The last lesson lays in the a small “V” shaped cove where the line between wet and dry gravel marks last’s night’s high tide. In the trees above ravens begin a strange song that starts with a low croak and cascades up in a short series of harmonious notes. Then an eagle breaks from a beach side spruce. Looking beyond we spot the birds.

There are eagles, of course, and little waders.  Two mature Bald Eagles perch on separate drift wood snags and look toward shaman Island. A gang of gulls feed near the river’s edge. To reach them we have to cross a large sand flat infested with clams. Some squirt water over the sand when we start walking toward the gulls. Getting closer I am pleased to discover they are Bonaparte’s. The petite black headed guys look toylike on this beach dominated by ravens and eagles.  Aki must respect them too for she doesn’t chase the gulls even when they fly a low trajectory away from us down the beach.

 

Glory in the Mundane

Aki searches for friends on this dog walker trail but I sink into the calming grayness of this overcast day.  Our simple walk into the mountains starts at the front door then climbs along Gold Creek and into the Perseverance Basin. After passing the old Craftsman houses on Basin Road we turn onto a high wooden bridge where the sound of Gold Creek begins to carry away last’s week’s stress.

Common trees and plants dominate this portion of the canyon. Cotton Wood trees rise tallest here now having scattered the last of their seed down over the understory. Aki sneezes when sniffing white islands of down formed at trail edge. Some of them join other seeds hitching a ride in her fur.

The white flowers of our humble Thimble Berry lay open to the grey light. Some petals fall into cupped leafs below to mix with Cotton Wood down. I understand, for the first time, how they could be called beautiful.
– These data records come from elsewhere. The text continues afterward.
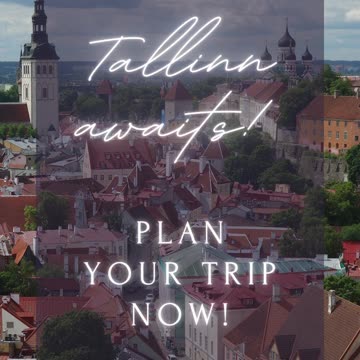 🏰 Tallinn awaits! ✈️ Plan your trip now!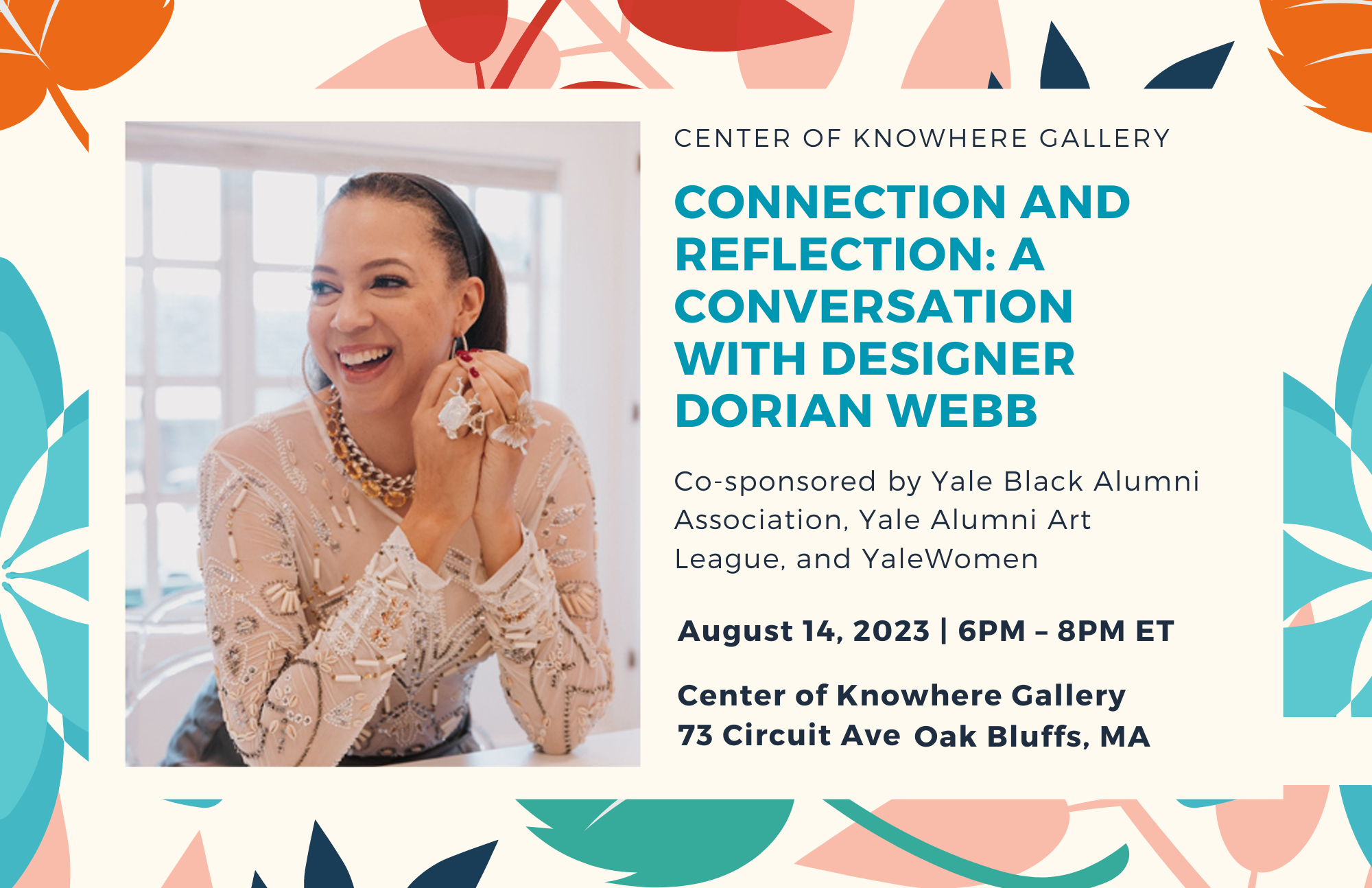 Featured image for “August 14: Connection and Reflection: A Conversation with Designer Dorian Webb ‘91”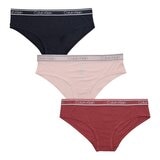 Calvin Klein 女內褲三入組 M 黑/粉/紅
Leaving the main trail we transit a flat forest formed in a Gold Creek oxbow. Treasures grow inside — the purple blue blooms of a Monkshood mixing with a few red Wild Cucumber berries. The Monkshood’ pious beauty gives no warning of the plant’s poisonous nature.  Just beyond on ground whitened by Cotton Wood down is a huddle of Ink Cap mushrooms.  These finds please me beyond reason but that is normal when finding a bit of glory surrounded by the mundane.  

Harvest Time

A child could re-create this riverine forest with green and brown crayons. Without strong sunlight to bring out detail the plant forms blend into a restful mass.  Aki and I walk through it in silence.  I spook a Varied Thrust which flies without squawk or song into a cottonwood to stare down on us in silence. Wanting to keep my hands free of repellant for berry picking I’m defenseless against mosquitos but none buzz by. It’s as if all the animals have deserted this lovely place except for a far off raven croaking out complaints.
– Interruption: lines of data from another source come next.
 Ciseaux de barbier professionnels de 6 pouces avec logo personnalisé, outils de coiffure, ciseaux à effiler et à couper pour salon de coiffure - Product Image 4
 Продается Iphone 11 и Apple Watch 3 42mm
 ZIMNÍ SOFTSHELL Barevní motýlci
Many would relish an opportunity to walk through this quiet verdant place. Having enjoyed a fair bit of drama lately I’m jaded enough to look for some flash but only a light shower of white cottonwood seed down breaks the monopoly of green. The feathery white flakes drift down to collect in the palms of devil’s clump leaves like snow.  There is this small spike of white orchid blossoms smelling like Parisian perfume and just ripe blueberries — our first forest harvest of the season. Using the last of my five senses in the forest I savor their complex tartness.

Human voices reach us when we near the forest edge made by a family of three. They talk loudly to warn the bears of their presence. We hear then long after passing then on the trail and I am relieved when Aki and I reach the big tidal flats. Here a dozen bald eagles have spread themselves at the edge of the water. They all look seaward, as if monitoring the progress of our large gill net fleet now harvesting sockeye salmon as they try to reach their spawning grounds on the Chilkoot River.
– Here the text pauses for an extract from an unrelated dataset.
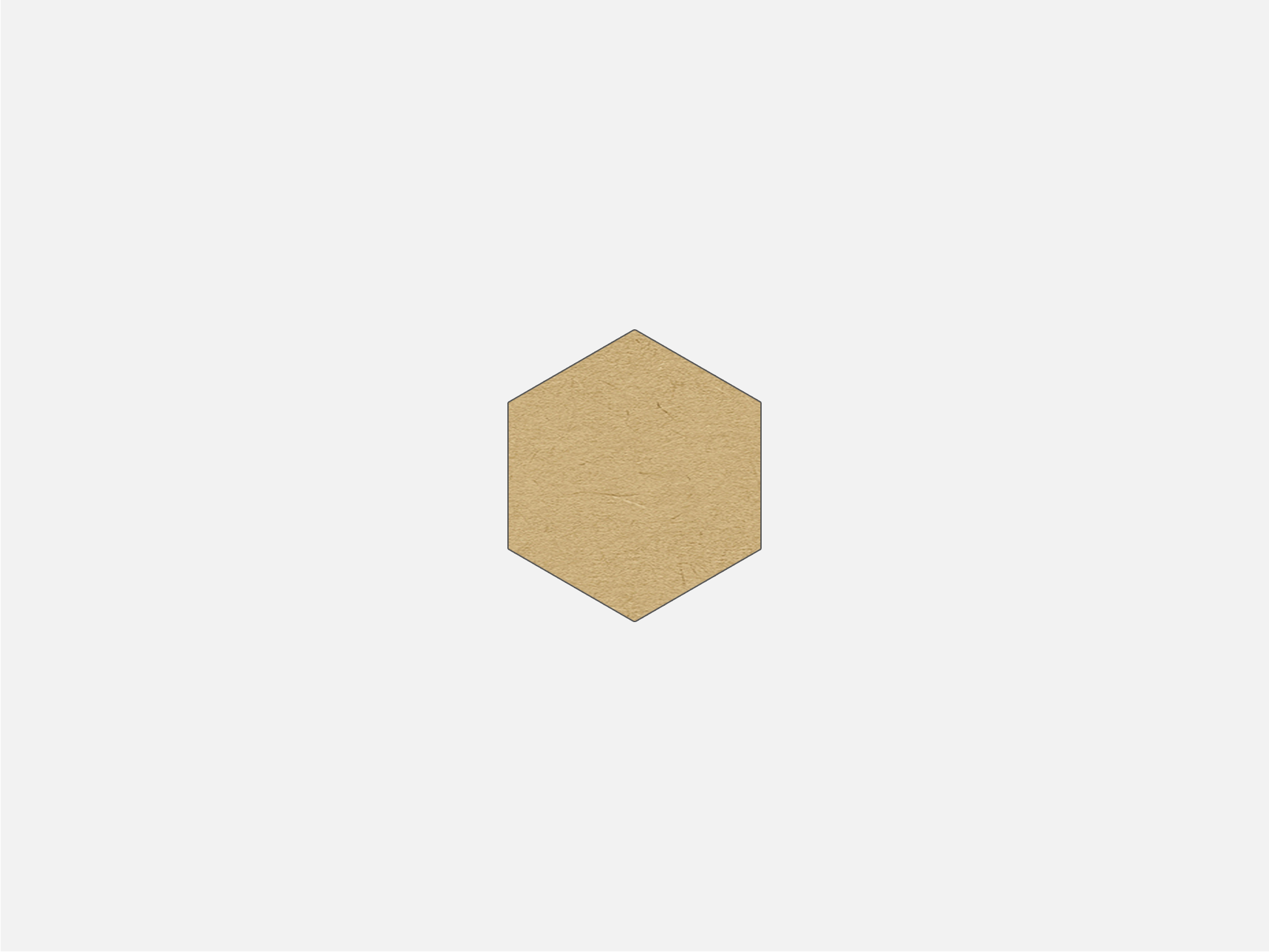 Hexagram - Craft Shape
A murder of crows form a dark line on a shrinking island of sand. Some bicker for space but most just search the sand for food. Beyond them a large dark shape breaks the surface. I guess whale but it is too far off for me to be sure. I lead Aki over the sand flats toward the water to get a better look. Some dogs might chase after crows or eagles but she stays quietly by my side. Nearby a mature eagle stands, its talons gripping a small piece of drift wood. We circle it at a respectful distance until it stands between my camera and the Herbert Glacier. 

Absence

Absence is the theme for this walk around False Outer Point. I stay away from here during early summer when the chance of catching a king salmon from shore draws big crowds. Then bon fires burn on this beautiful beach and a community of fishermen form on the point. Today, with the kings now up in the spawning streams, only one car sits in the trailhead parking lot.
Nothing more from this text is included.